Microsoft data centre

When it comes to multinational tech companies, most of them tend to have their hubs and data centres in other parts of the world overlooking Africa for a number of reasons. Even companies that have huge operations in the continent will have their key operations and data centres out of the continent.

This is why Microsoft opening its first data centres in Africa is a big deal. The company first revealed that it was going to open its first data centre in Africa more than a year ago and today it is revealing that the first two data centres are live. Microsoft missed some of its own deadlines in regards to these data centres and some people raised concerns about the company’s commitment to the continent. Some people though that the company was going to abandon its plans to open these data centres.

Fast forward to March 2019 and Microsoft has announced that its first 2 data centres in Africa are live. One of the data centres is in Cape Town with the other one in Johannesburg and interesting enough, Microsoft is not the first company to open a offer cloud services from datacentres in Africa, Huawei announced the launch of similar services in the continent late last year.

Move Businesses to Cloud

By Microsoft opening its first datacentres in the continent, it says that it will help organizations securely and reliably move their businesses to the cloud while meeting compliance needs.

 “Microsoft Azure is now available from our new cloud regions in Cape Town and Johannesburg. The combination of Microsoft’s global cloud infrastructure with the new regions in Africa will create greater economic opportunity for organisations in Africa, accelerate new global investment, and improve access to cloud and internet services,” says Yousef Khalidi, corporate vice president, Azure Networking, Microsoft.
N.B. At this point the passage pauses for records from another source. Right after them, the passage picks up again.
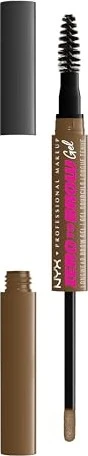 NYX Zero To Brow Gel taupe, 2ml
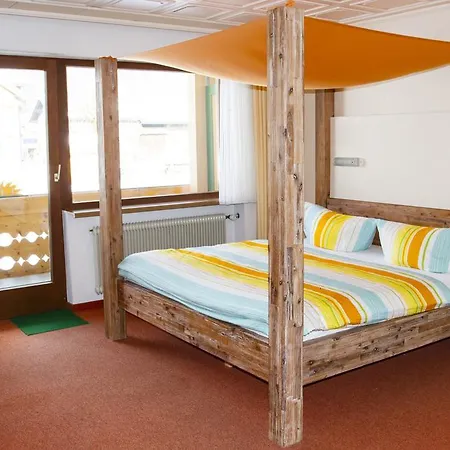 Apart Solaria - Wohnungen In Au-Schoppernau Au (Vorarlberg) Exterior foto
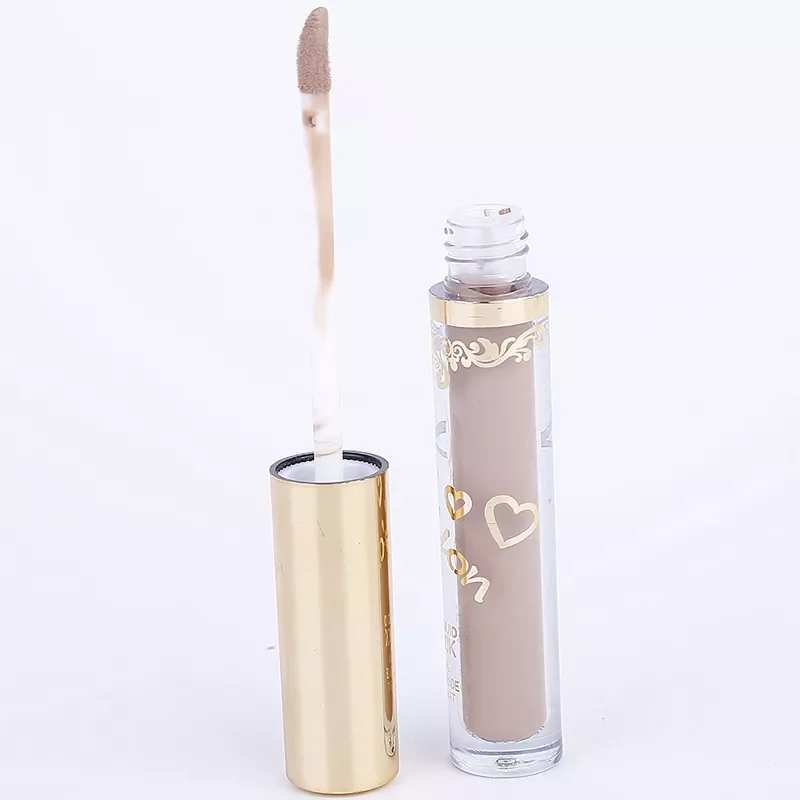 Nude Light Purple Liquid Lipstick Batom Waterproof Long Lasting Lip Glaze Velvet Bite Lip Lipstick Korean
Nude Light Purple Liquid Lipstick Batom Waterproof Long Lasting Lip Glaze Velvet Bite Lip Lipstick Korean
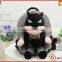 cute carton design plush school bag batman for students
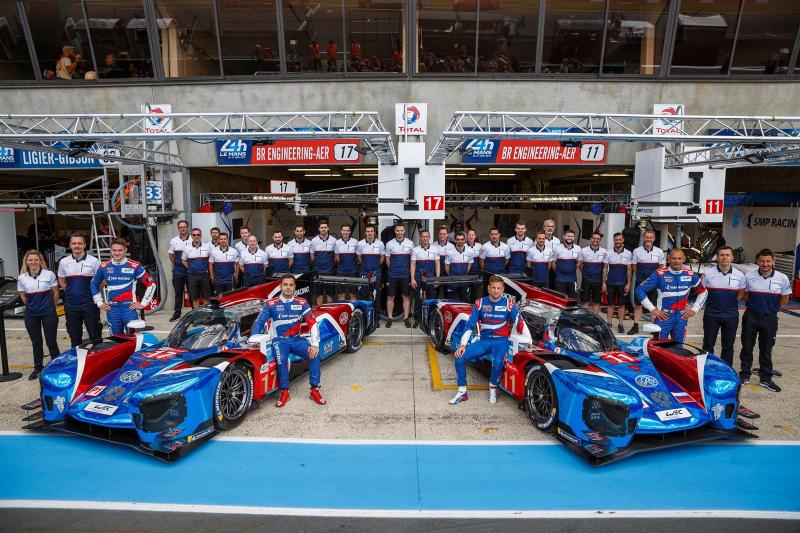 24 heures du Mans 2018 : Le SMP Racing humble mais déterminé 2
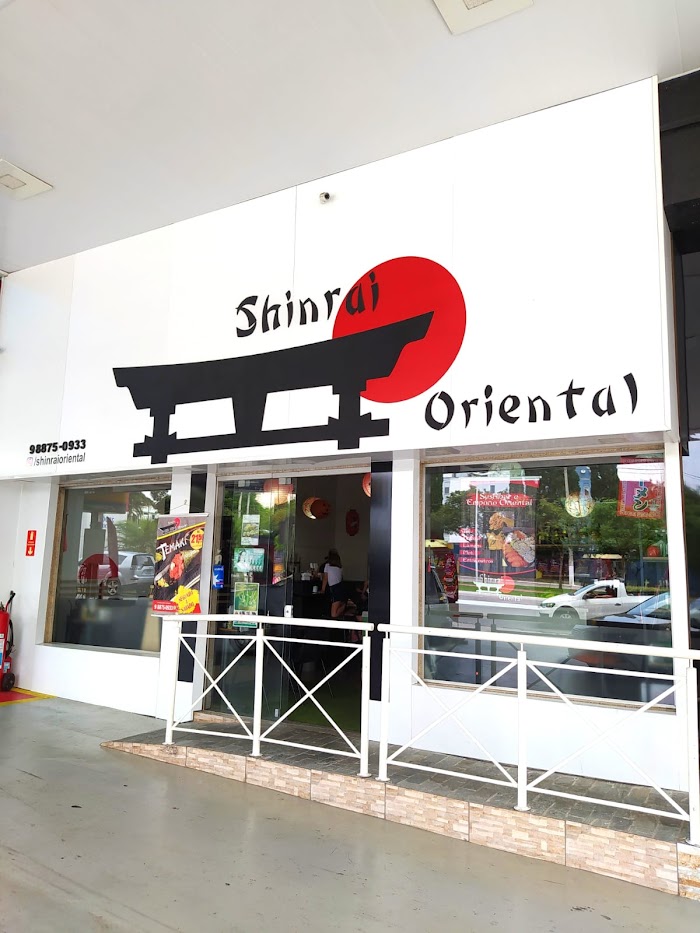 Shinrai Oriental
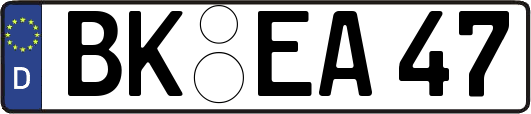 BK-EA47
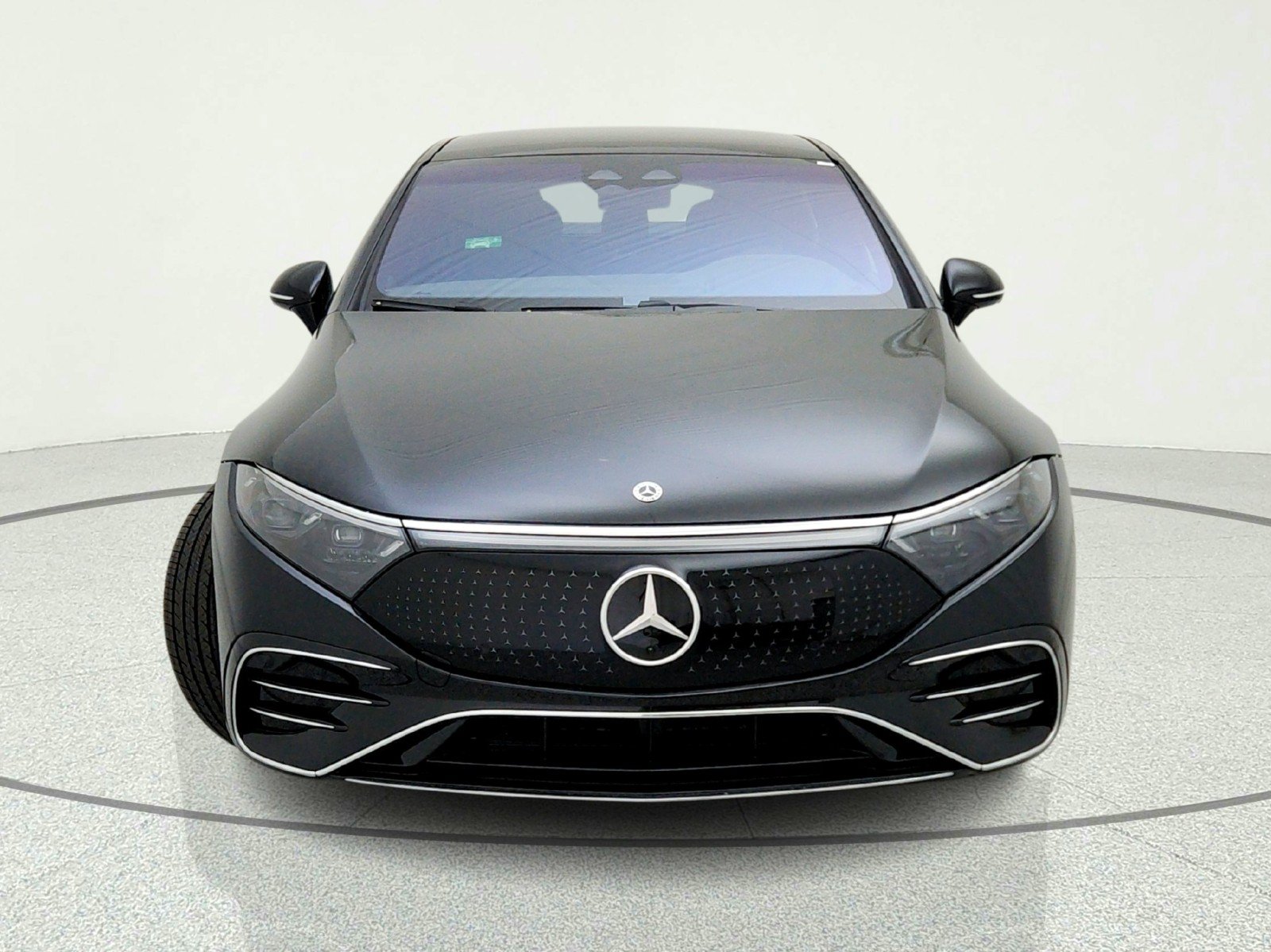 New 2026 Mercedes-Benz EQS 450+ 4MATIC Sedan image 3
Ibrahim Youssry, general manager, North, West, East, Central Africa, Levant & Pakistan, Microsoft said, “Today is a milestone moment in bringing the global cloud closer to home for African citizens and businesses. Enterprises across Africa can now take full advantage of the many benefits of Microsoft Azure, using cloud services to maintain security and meet compliance standards.”
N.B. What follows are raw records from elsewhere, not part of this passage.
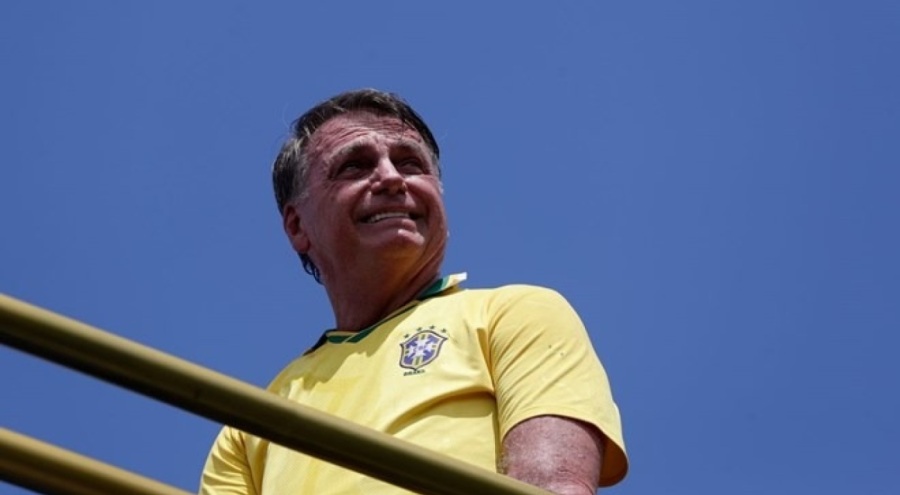 Jair Bolsonaro'ya elektronik kelepçe takılacak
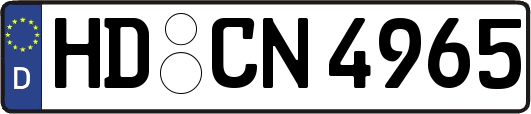 HD-CN4965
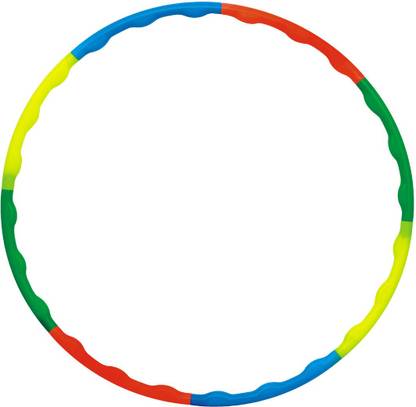NIPPON Zig-Zag Hula Hoop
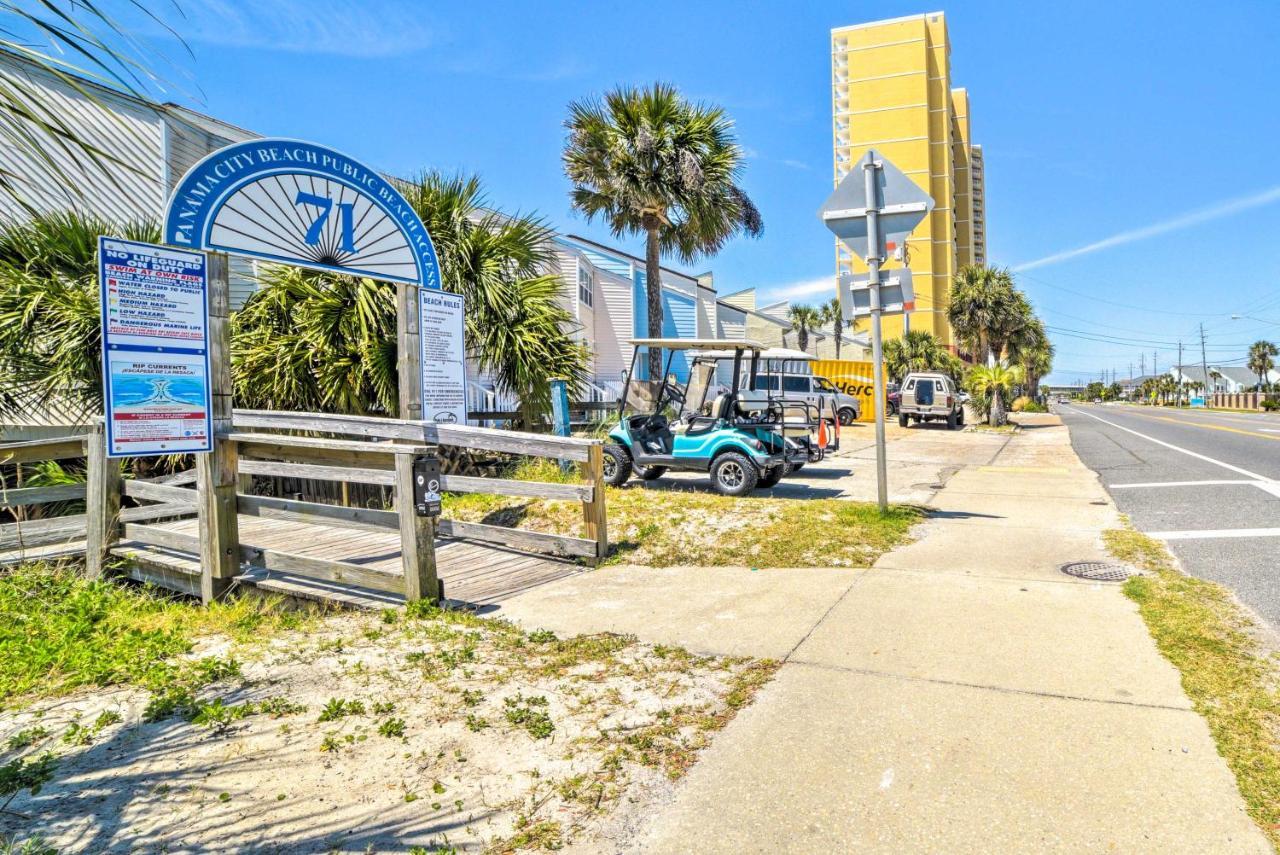Beautiful Pcb Townhome Balcony And Amenities *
Even as cloud services pick up in most parts of the world, in Africa and Kenya in general we still have a long way to go. Most big organizations will jump to the cloud in a heartbeat but the same cannot be said when looking at smaller organizations. Most people still do not trust the cloud more so because they do not understand it and it will take a lot to convince them it is safe to cross to the cloud.

 “We look forward to supporting more African enterprises in their cloud journeys and offering a trusted path to digital transformation,” concluded Yousef Khalidi.